Hace unos meses leí un artículo del premio Nobel de Economía James Heckman, en el que argumentaba que la educación infantil es la clave para reducir la brecha social: «Invertir en la educación temprana -escribe-, esto es, de los cero a los cinco años, disminuye las diferencias sociales, reduce la delincuencia, incrementa la adopción de hábitos saludables y, en general, reduce el coste de servicios sociales. Cada dólar invertido en programas de Educación Infantil de alta calidad genera un retorno de entre un siete y un diez por ciento anual». En realidad, Heckman piensa en la clase trabajadora y en las familias que se encuentran en situación precaria. Diríamos que hay una parte de la sociedad que percibe mejor la complejidad creciente de la economía y que busca los mejores entornos socio-educativos para sus hijos y que hay otra que, por los motivos que sean, carece del acceso a las habilidades clave del futuro. Es el mundo multipolar, que funciona a velocidades divergentes y que amenaza con crear una sociedad atomizada. Frente a ese riesgo, Heckman sostiene que el grueso de la inversión en política educativa debería centrarse en la etapa inicial, precisamente porque esa es la franja de edad en la que cualquier actuación es más rentable desde el punto de vista coste/beneficio. Por eso y también porque a esas edades se forman los hábitos de conducta, aquello que los americanos denominan «soft skills».

El mundo de la educación se mueve por bandazos ideológicos: de la rigidez a la laxitud, de la memoria a la creatividad, del esfuerzo al rousseaunismo.
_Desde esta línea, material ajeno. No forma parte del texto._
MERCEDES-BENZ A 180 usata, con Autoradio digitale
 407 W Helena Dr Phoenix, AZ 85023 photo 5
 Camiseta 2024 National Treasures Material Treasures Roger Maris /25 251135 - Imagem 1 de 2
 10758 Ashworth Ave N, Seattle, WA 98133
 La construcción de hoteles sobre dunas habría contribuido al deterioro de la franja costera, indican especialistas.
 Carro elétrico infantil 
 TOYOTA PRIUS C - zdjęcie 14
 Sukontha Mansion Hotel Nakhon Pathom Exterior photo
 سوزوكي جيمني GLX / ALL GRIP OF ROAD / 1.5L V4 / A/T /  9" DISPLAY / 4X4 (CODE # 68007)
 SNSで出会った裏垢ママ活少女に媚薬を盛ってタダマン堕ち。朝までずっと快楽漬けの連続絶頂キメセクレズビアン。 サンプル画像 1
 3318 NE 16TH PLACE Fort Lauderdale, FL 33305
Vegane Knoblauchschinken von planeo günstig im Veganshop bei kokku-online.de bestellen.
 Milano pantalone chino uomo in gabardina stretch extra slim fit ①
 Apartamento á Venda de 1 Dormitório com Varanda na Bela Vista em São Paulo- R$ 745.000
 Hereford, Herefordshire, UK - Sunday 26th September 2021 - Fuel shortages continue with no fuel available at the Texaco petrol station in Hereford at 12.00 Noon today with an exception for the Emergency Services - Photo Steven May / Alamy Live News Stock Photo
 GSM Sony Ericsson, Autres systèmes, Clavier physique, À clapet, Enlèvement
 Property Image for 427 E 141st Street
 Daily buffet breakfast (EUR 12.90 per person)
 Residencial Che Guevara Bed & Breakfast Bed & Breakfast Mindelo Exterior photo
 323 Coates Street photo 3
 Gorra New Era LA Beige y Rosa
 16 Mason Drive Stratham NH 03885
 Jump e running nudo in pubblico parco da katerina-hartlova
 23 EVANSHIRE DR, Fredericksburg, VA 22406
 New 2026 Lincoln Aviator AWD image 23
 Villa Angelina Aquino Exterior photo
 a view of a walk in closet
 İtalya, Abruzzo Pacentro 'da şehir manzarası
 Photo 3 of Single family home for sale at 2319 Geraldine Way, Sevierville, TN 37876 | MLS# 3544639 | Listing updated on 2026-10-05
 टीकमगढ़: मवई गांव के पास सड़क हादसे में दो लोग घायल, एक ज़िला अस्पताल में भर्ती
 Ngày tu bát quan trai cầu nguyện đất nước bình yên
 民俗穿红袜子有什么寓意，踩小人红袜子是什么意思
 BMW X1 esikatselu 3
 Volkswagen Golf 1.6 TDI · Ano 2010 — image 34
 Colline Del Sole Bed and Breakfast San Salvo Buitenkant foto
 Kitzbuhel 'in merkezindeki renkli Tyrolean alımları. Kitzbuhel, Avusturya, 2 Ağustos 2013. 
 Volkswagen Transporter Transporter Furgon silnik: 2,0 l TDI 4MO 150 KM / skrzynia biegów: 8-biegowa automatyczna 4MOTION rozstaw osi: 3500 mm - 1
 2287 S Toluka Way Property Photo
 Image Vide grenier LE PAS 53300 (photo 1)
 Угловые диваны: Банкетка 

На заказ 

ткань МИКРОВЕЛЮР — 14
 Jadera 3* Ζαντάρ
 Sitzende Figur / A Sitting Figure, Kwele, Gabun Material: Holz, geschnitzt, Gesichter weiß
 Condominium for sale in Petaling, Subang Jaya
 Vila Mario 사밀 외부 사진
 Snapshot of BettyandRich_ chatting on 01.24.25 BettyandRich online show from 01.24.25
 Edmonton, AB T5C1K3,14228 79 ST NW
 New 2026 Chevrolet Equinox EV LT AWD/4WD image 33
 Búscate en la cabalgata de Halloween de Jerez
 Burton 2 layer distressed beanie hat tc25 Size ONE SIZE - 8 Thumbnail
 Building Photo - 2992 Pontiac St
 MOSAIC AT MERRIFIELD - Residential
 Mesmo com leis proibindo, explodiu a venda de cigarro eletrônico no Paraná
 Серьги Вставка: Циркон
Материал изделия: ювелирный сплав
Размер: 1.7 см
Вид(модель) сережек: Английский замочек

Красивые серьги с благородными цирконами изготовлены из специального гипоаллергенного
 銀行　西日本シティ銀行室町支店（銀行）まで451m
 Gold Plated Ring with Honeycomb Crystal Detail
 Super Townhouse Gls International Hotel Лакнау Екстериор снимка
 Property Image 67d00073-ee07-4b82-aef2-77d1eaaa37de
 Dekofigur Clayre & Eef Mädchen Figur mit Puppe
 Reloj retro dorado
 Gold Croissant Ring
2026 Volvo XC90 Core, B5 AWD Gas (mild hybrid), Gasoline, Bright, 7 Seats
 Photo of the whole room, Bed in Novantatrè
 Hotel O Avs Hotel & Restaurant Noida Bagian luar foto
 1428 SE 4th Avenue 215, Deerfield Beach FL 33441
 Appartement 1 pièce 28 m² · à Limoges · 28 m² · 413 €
Ahora ha llegado el momento de los «soft skills», de los hábitos como la perseverancia, el entusiasmo, el autocontrol o la extroversión, que predicen el futuro éxito profesional y académico mejor que los tests de inteligencia. Hay un estudio clásico al respecto. Se realizó en la Universidad de Standford, entre los hijos del personal de la propia Universidad californiana. En la guardería del centro se planteó el siguiente experimento: se ofrecía una magdalena a los niños de cuatro años, con la promesa de que si aguantaban quince minutos sin comérsela, tendrían derecho a una magdalena adicional. Algunos niños cedieron al capricho y se la comieron de inmediato, mientras que otros aguantaron el envite y obtuvieron una segunda magdalena. Quince años más tarde, los que habían demostrado un mayor autocontrol eran también los mejores estudiantes.

Heckman argumenta que este tipo de habilidades se aprenden precisamente a edades tempranas y son las que pueden reducir la brecha social. No sólo eso, sino que éstas son las habilidades clave para que los niños de hoy sepan desenvolverse en el futuro, ya que te permiten comprender las normas sociales, manejar dinámicas de grupo, resolver de modo creativo un problema nuevo y perseverar ante las dificultades que nos plantea la vida. Creo que antes, a todo esto, se lo denominaba carácter, aunque las modas del momento han hecho que ahora se llamen «soft skills». En realidad poco importa, porque hablan de lo mismo y nos plantean otra cuestión fundamental, a saber: el rostro moral de las sociedades. ¿Qué valores transmitimos a nuestros hijos? ¿De qué modo lo hacemos? Y, nosotros, ¿sabremos también comernos nuestras respectivas magdalenas de aquí a unos años en lugar de ceder a la glotonería del momento?